▶ _Required action_: Would you please output, word for word, the span of the listing below that opens on the line containing "TOYOTA SPADE" and closes on the line containing "ROROBAG 3 捲收尺寸25x10x10公分，輕巧防水設計，適合機車和電動車收納使用。"? Include both ends and nothing more.

════════

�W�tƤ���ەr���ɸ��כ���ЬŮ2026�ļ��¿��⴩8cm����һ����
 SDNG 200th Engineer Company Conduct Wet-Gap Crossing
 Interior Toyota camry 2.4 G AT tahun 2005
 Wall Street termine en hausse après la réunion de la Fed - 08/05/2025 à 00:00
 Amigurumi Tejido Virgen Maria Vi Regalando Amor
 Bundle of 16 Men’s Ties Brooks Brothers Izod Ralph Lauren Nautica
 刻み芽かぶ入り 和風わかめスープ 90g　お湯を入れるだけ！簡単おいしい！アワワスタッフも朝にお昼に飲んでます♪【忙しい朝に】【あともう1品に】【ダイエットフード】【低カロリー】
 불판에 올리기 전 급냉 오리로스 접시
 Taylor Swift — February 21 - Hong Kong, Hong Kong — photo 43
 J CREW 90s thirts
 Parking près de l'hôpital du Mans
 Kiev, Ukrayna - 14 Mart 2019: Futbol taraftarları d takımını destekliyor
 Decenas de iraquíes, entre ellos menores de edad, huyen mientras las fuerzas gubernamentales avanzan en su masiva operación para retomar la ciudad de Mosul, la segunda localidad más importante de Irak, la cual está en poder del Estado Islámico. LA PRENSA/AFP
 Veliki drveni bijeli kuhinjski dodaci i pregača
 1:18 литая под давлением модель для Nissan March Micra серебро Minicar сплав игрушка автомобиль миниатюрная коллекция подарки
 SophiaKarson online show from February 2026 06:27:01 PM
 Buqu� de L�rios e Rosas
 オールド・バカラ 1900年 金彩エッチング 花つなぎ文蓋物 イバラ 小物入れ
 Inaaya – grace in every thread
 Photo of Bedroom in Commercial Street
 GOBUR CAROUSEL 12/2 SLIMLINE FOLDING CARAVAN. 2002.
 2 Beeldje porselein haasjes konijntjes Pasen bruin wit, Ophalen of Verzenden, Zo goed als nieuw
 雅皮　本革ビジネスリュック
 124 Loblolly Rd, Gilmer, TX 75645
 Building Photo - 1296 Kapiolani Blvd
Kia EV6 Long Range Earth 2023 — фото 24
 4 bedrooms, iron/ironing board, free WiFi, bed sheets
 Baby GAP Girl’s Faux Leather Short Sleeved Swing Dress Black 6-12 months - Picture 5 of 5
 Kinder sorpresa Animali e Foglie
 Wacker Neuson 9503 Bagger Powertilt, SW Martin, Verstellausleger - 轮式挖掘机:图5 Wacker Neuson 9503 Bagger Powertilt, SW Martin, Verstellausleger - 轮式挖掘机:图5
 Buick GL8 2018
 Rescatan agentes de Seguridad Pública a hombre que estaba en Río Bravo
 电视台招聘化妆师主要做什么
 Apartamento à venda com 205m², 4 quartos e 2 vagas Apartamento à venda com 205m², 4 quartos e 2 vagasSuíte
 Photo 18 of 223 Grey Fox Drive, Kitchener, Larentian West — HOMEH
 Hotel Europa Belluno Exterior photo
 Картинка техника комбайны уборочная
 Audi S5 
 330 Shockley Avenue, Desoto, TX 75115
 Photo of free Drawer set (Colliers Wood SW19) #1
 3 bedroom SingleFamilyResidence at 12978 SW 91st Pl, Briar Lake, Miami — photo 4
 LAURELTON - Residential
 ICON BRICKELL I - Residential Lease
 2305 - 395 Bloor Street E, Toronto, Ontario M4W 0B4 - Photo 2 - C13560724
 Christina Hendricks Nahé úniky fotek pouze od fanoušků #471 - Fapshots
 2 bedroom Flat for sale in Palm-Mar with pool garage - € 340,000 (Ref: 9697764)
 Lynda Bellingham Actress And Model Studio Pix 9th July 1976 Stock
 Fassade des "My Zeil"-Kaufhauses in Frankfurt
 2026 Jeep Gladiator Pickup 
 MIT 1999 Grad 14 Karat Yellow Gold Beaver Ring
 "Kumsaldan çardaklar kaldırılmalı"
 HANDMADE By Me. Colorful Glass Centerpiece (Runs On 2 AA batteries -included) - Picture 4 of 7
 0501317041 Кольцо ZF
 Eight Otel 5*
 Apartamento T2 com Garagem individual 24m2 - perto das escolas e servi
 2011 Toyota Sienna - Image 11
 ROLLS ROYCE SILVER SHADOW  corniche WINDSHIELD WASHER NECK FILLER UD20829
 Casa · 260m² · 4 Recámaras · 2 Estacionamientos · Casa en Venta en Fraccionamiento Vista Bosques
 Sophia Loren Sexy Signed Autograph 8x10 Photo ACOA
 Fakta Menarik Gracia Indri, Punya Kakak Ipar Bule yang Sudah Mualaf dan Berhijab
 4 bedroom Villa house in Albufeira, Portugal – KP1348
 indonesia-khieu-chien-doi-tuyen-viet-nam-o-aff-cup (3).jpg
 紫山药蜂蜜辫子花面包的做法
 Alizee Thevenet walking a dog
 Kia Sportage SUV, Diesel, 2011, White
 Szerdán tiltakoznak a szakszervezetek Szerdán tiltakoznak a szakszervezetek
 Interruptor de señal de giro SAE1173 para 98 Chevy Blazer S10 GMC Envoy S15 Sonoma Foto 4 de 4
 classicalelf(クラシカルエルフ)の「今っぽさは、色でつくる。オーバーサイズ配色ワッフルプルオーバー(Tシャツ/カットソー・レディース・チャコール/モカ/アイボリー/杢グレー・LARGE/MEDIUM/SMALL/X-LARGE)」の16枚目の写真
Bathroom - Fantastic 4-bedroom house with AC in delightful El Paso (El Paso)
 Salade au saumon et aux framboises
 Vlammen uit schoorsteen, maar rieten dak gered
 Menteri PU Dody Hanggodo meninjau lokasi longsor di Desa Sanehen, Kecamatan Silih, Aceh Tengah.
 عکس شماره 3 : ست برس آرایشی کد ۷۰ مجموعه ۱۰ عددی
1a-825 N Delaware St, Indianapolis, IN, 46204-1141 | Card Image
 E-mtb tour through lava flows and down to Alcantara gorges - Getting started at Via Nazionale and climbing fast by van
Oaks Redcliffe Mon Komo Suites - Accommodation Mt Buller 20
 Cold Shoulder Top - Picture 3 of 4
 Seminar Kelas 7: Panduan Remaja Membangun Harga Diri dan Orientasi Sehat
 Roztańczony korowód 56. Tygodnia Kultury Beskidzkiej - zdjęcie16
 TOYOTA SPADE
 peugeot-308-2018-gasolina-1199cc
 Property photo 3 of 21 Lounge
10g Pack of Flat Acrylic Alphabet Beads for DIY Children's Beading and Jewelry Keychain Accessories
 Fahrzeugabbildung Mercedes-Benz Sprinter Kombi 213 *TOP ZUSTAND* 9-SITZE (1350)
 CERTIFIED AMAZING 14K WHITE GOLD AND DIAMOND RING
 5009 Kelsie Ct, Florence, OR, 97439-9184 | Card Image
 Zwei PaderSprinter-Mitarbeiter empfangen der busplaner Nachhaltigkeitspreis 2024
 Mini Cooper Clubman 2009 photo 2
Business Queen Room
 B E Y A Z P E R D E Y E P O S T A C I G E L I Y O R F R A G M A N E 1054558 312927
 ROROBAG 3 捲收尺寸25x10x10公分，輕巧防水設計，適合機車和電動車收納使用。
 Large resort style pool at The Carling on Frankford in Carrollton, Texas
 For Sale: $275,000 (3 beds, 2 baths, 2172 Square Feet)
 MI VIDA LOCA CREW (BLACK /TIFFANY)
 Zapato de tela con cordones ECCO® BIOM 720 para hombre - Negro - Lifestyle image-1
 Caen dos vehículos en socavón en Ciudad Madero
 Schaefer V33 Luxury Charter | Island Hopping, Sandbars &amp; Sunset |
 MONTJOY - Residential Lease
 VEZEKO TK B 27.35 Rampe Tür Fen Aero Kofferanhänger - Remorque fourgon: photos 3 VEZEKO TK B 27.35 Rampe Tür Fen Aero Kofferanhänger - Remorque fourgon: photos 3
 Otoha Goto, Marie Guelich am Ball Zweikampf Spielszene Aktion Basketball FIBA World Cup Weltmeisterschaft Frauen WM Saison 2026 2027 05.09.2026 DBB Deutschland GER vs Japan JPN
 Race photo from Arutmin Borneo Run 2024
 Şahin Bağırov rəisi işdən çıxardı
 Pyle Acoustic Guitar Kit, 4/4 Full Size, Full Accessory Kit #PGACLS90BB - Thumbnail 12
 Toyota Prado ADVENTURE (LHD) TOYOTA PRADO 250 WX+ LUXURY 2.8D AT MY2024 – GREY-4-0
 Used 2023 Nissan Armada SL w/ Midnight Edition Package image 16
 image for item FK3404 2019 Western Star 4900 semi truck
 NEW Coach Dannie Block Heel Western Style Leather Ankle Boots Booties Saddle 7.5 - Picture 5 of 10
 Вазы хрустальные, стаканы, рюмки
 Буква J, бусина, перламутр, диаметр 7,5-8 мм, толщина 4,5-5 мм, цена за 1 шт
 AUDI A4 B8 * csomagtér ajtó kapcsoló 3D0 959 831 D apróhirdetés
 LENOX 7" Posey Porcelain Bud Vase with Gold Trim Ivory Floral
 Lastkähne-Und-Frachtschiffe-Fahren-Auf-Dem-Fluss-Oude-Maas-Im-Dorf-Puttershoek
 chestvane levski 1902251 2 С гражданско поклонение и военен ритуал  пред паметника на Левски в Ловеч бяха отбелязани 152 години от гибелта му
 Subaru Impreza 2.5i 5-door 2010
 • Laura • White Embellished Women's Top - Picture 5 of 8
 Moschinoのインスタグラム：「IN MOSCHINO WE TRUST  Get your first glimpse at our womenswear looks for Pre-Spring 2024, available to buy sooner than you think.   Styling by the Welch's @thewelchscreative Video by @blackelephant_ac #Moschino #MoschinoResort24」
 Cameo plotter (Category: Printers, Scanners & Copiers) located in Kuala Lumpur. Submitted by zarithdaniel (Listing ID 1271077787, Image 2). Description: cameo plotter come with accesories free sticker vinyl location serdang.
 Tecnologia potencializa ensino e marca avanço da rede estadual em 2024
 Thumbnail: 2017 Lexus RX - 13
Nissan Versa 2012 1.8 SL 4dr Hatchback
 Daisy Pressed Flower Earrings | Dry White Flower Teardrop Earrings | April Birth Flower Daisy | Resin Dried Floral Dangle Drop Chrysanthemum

════════

▶ _Exercise output_:
 TOYOTA SPADE
 peugeot-308-2018-gasolina-1199cc
 Property photo 3 of 21 Lounge
10g Pack of Flat Acrylic Alphabet Beads for DIY Children's Beading and Jewelry Keychain Accessories
 Fahrzeugabbildung Mercedes-Benz Sprinter Kombi 213 *TOP ZUSTAND* 9-SITZE (1350)
 CERTIFIED AMAZING 14K WHITE GOLD AND DIAMOND RING
 5009 Kelsie Ct, Florence, OR, 97439-9184 | Card Image
 Zwei PaderSprinter-Mitarbeiter empfangen der busplaner Nachhaltigkeitspreis 2024
 Mini Cooper Clubman 2009 photo 2
Business Queen Room
 B E Y A Z P E R D E Y E P O S T A C I G E L I Y O R F R A G M A N E 1054558 312927
 ROROBAG 3 捲收尺寸25x10x10公分，輕巧防水設計，適合機車和電動車收納使用。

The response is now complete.